- [TASK STATEMENT]: Please write out the whole listing that follows exactly; the pictures stay out.

- [DATASET EXTRACT]:

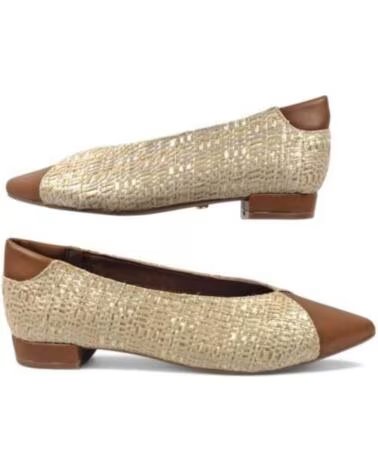 TIMBOS SAPATO PLANO CASUAL ELEGANTE MULHER CAMEL 131096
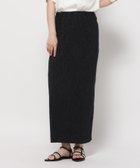 【ラコレ/LAKOLE】のアソートプリーツナロースカート 大人の最旬トレンドファッション＆コーディネート founy(ファウニー) ファッション Fashion レディースファッション Fashion for Women スカート Skirts おすすめ Recommended / Our Picks とろみ Fluid, Flowy Fabric スウェット / スエット Sweatshirt, Sweatwear プリーツ Pleats, Pleated モノトーン Monotone, Black and White リラックス Relax, Relaxed Fit ロング Long, Long-Length thumbnail ブラック|ID: prp329100004992568 ipo3291000000037389811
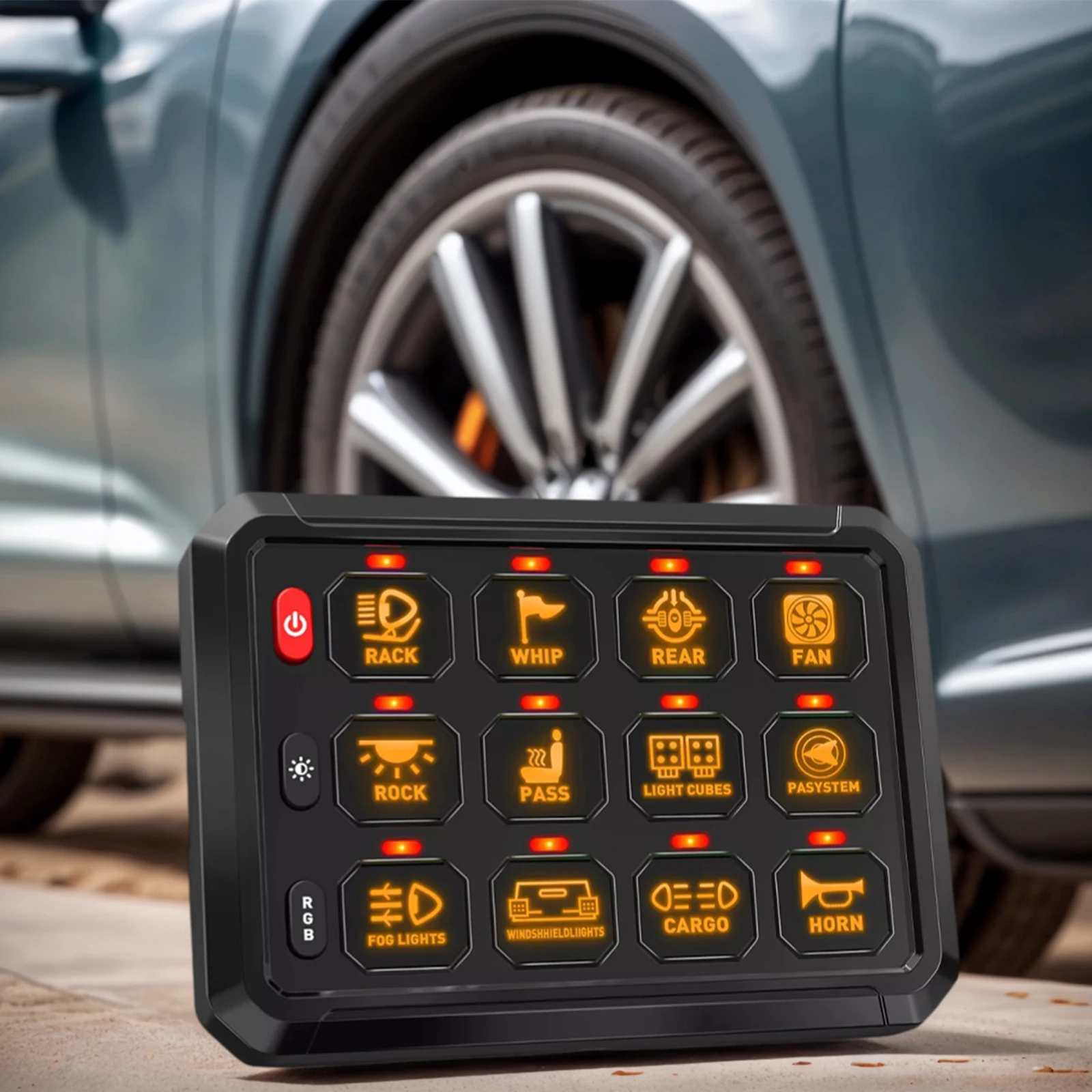 Electronic Relay System 12/24V Caravan Control Panels DIY Backlit Universal Circuit Control Panel for Car Truck Offroad RV Van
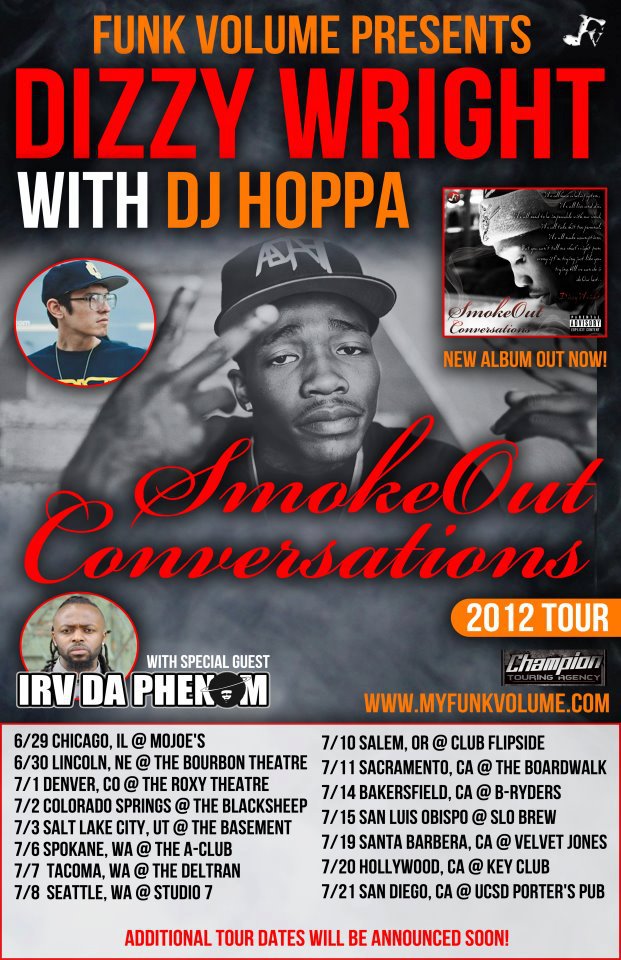 Dizzy Wright’s “SmokeOut Conversations” 2012 Tour – Chicago ...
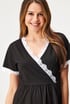 Kratka spalna srajčka za dojenje Lilia 1092_kos_04 - črna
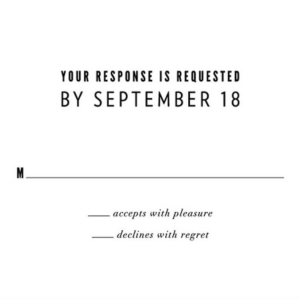 Lanai Floral Response Card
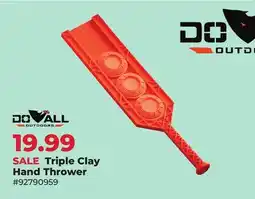 Runnings Do All Triple Clay Hand Thrower offer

- [TASK SOLUTION]:
 TIMBOS SAPATO PLANO CASUAL ELEGANTE MULHER CAMEL 131096
 【ラコレ/LAKOLE】のアソートプリーツナロースカート 大人の最旬トレンドファッション＆コーディネート founy(ファウニー) ファッション Fashion レディースファッション Fashion for Women スカート Skirts おすすめ Recommended / Our Picks とろみ Fluid, Flowy Fabric スウェット / スエット Sweatshirt, Sweatwear プリーツ Pleats, Pleated モノトーン Monotone, Black and White リラックス Relax, Relaxed Fit ロング Long, Long-Length thumbnail ブラック|ID: prp329100004992568 ipo3291000000037389811
 Electronic Relay System 12/24V Caravan Control Panels DIY Backlit Universal Circuit Control Panel for Car Truck Offroad RV Van
 Dizzy Wright’s “SmokeOut Conversations” 2012 Tour – Chicago ...
 Kratka spalna srajčka za dojenje Lilia 1092_kos_04 - črna
 Lanai Floral Response Card
 Runnings Do All Triple Clay Hand Thrower offer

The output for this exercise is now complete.